I loved Sheraton Vistana Village. Make sure you get a remodeled room.

It's just down the street from the Downtown Disney area.

It's just as nice if not nicer than DVC


----------



## Clemson Fan (Nov 21, 2009)

What's the difference between Sheraton Vistana Resort and Sheraton Vistana Villages?  There's a whole lot more inventory on II with Sheraton Vistana Resort with very little inventory with Sheraton Vistana Villages.


----------



## littlestar (Nov 21, 2009)

Clemson Fan said:


> What's the difference between Sheraton Vistana Resort and Sheraton Vistana Villages?  There's a whole lot more inventory on II with Sheraton Vistana Resort with very little inventory with Sheraton Vistana Villages.



Sheraton Vistana Villages is the newer resort and it's over on International Drive. The original Sheraton Vistana resort (over by Downtown Disney) hasn't been completely updated yet. I'm hearing 2011 for all units to have their updates completed. So I'd stick with Sheraton Vistana Villages if you go with Sheraton. They are building a new Pirate pool with slide that should be completed within a year.

Our favorites are the Marriotts. We love Marriott Cypress Harbour, Marriott Harbour Lakes (great for kids because of the themed pools with slides), and we also liked the Marriott's Imperial Palms 3 bedroom we stayed in last March. Imperial Palms is on the grounds of the Marriott World Center hotel. 

When we stay at Marriott Cypress Harbour or Harbour Lake on Westwood Blvd, it's a close drive to downtown disney because we go the back way. We take Turkey Lake Road to Palm Parkway - probably 10 minutes to Downtown Disney going that back way.

We're staying in SSR's treehouse villas in March and I've already booked Marriott's Harbour Lakes on a II Getaway because I have more family coming than originally thought. We do this frequently - have multiple units onsite and off. The last trip we took in October, I had a SSR two bedroom, Marriott's Cypress Harbour 2 bedroom, and a Sheraton Vistana Villages 2 bedroom.

Since you're going in June, the new Marriott at Lakeshore reserve might be open by then. It's supposed to be very nice.


----------



## rickandcindy23 (Nov 21, 2009)

#1 Cypress Harbour, our absolute favorite resort outside of Disney
#2 Grande Vista, a close second, tied with Vistana Villages

If I couldn't get DVC again, I would be 99% happy with any of three above.


----------



## sfwilshire (Nov 21, 2009)

Mystic Dunes is also very nice and convenient to the parks.

Sheila


----------



## STEVIE (Nov 21, 2009)

We love Sheraton Vistana Villages. We have stayed at several other resorts on and off Disney property.
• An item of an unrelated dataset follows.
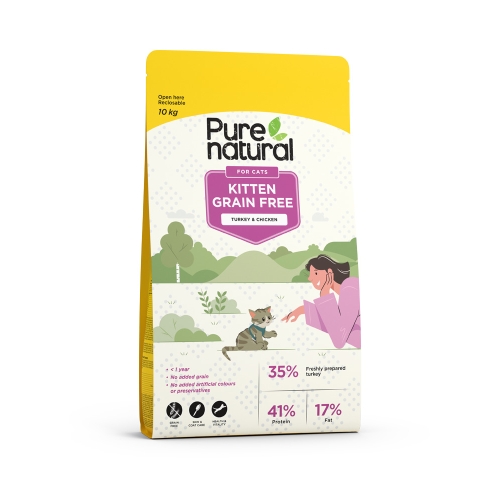 PURENATURAL GF KITTEN SAUSAS MAISTAS KAČIUKAMS SU VIŠTIENA/KALAKUTIENA, 10 KG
All have been really nice, but when we stay at a property other than Vistana Villages. we wish we had stayed there.


----------



## DeniseM (Nov 21, 2009)

Don't forget to check the TUG TS Reviews for Orlando.


----------



## DeniseM (Nov 21, 2009)

Clemson Fan said:


> What's the difference between Sheraton Vistana Resort and Sheraton Vistana Villages?  There's a whole lot more inventory on II with Sheraton Vistana Resort with very little inventory with Sheraton Vistana Villages.



RENOVATIONS

Sheraton Vistanta Resort Renovation Brochures:
Cascades Phase
Courts Phase
Falls Phase
Fountains I Phase
Fountains II Phase
Spa Phase
Springs Phase​


----------



## amanven (Nov 22, 2009)

chriskre said:


> I loved Sheraton Vistana Village. Make sure you get a remodeled room.
> 
> It's just down the street from the Downtown Disney area.
> 
> It's just as nice if not nicer than DVC



Sheraton Vistana RESORT is just down the street from Downtown Disney. Sheraton Vistana VILLAGES is on International drive a little further away from the Disney properties.

I really wish they had come up with a name other than Vistana Villages for Sheraton's International Drive timeshare.  I know they wanted to trade on the notariety of the Vistana name but I've lost count of the number of times Vistana RESORT has been referred to as "the VILLAGES" on travel websites.


----------



## jerseygirl (Nov 22, 2009)

I agree that Sheraton Vistana Villages is newer and was nicer from a room decor point of view.  But, that's changing as some of the SVV units are now getting older and most of the SVR units have been updated beautifully.  I'd take my chances with SVR.  Most of the renovations will be done by next summer and there are so many more activities there for families.  If you're going to have kids that are old enough to roam on their own, they'll have a blast.  The resort is huge -- 11 pools (I think), numerous activities centers, mini-golf, basketball, etc.  

I took a group of kids for an 8th grade graduation trip ... and it more or less evolved into an annual event.  They had the run of the place and so much fun.  I felt like it was safe (there's safety in numbers, manned gates at all entrances, security officers on golf carts all over the place), and I made them carry cell phones and checked on them constantly (which probably annoyed them, but so be it!).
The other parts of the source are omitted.